言葉の刺激が欲しい方へ。亡き父が書きためた「りぷる」(さざ波)を中心に公開します。きっと日常とは違った世界へ。

ほっと息を吐いて・・・

2014-12-12 20:18:17 | 小説
ほっと息を吐いてしまう。英次を外に、妙子自身を取り戻すように、ふと説教を唱えているのだ。妙子には信仰がまるで今朝、鬼は外、福は内でもいうかのごとくになった。胸の痛みをお祓いに似る信仰で抑えることは、習慣になりつつあった。
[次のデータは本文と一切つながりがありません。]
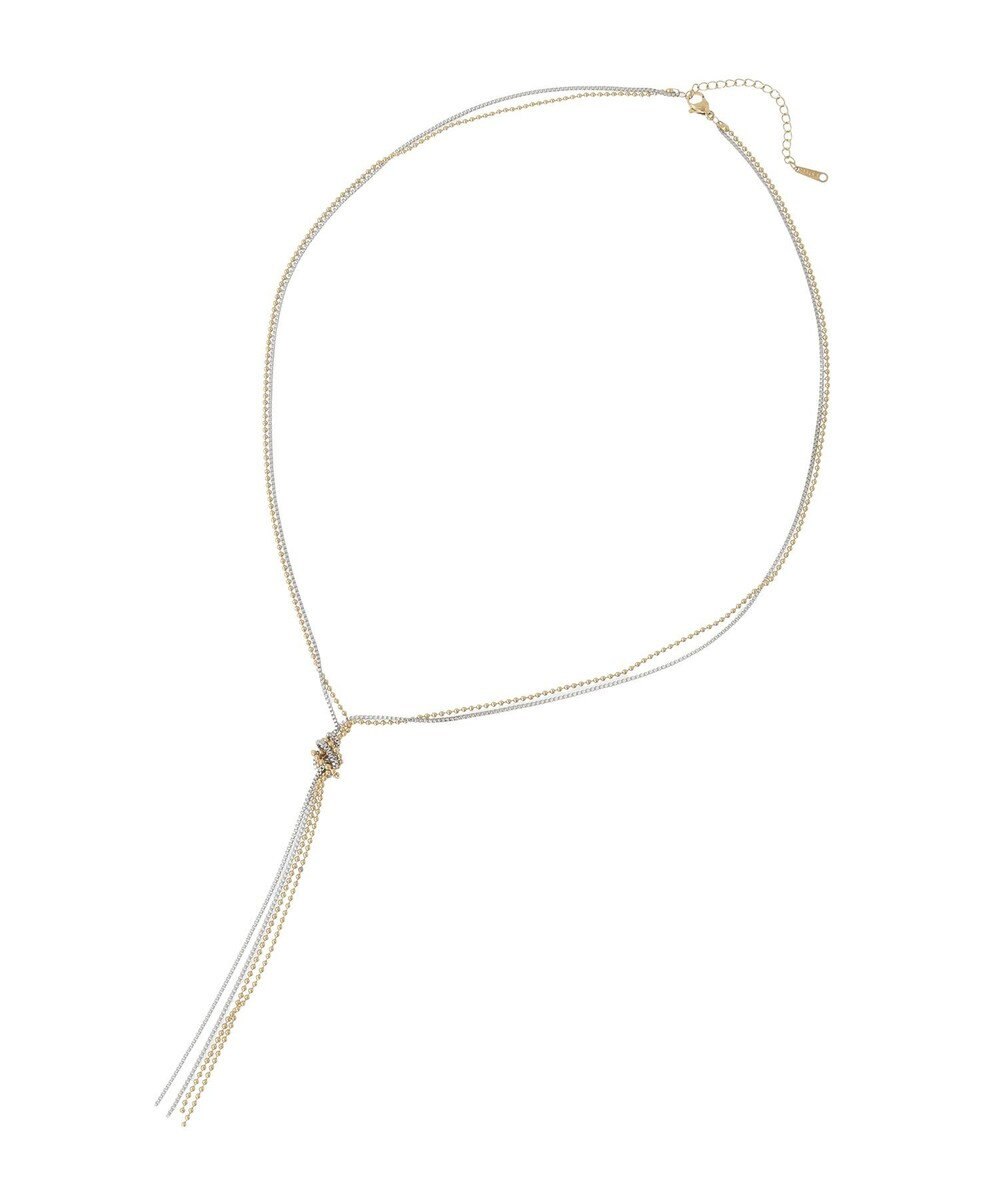 AMERICAN HOLIC 【ステンレス】2ラインネックレス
妙子にすれば英次を冷ややかに突き放すほど、本当は後悔の念に襲われそうでその分信仰心に頼らねばならないのである。かといって自身は惨めな生活を選びたくなくて、選ばずにすんでいる・・・と信じた。
英次のことで、長男夫婦が子供たちへの悪影響をきづかって出たのは、妙子にとっても肩に砂袋を背負ったようだった。が当時はその反面、母性愛を刺激する気がしていて一所懸命に、英次に尽くしていたが、年月が重なるに従い心がささくれ立った。別人になった英次と同居中に、妙子は別人のようにならねば互いの釣りあいが成り立たなかったであろう。雀の巣にツバメが住むなどは不可能だろう。だからツバメに近づくための信仰なのと妙子は、少なくとも昨年まではそう思い込んでいた。けれども今朝は容易に、説教を唱えた後にはツバメはツバメ、英次を渡り鳥か何かのように放任したのと思うことでケリつけていられた。ダイニング・キッチンに住む夫は夫で、今じゃ妙子がカカア天下も同然に違いなくて、
「お隣の奥さん粽の臭いが届いたかしら。嫌みをいっているわよ、きっと。英次に昨日も、お菓子を与えて楽しがっていたわ」
と妙子の欲求不満のはけくちは常に隣家の方に開くのだ。休日を孫児と打ち揃って寛ぐ、隣家の奥さんが癪のためだった。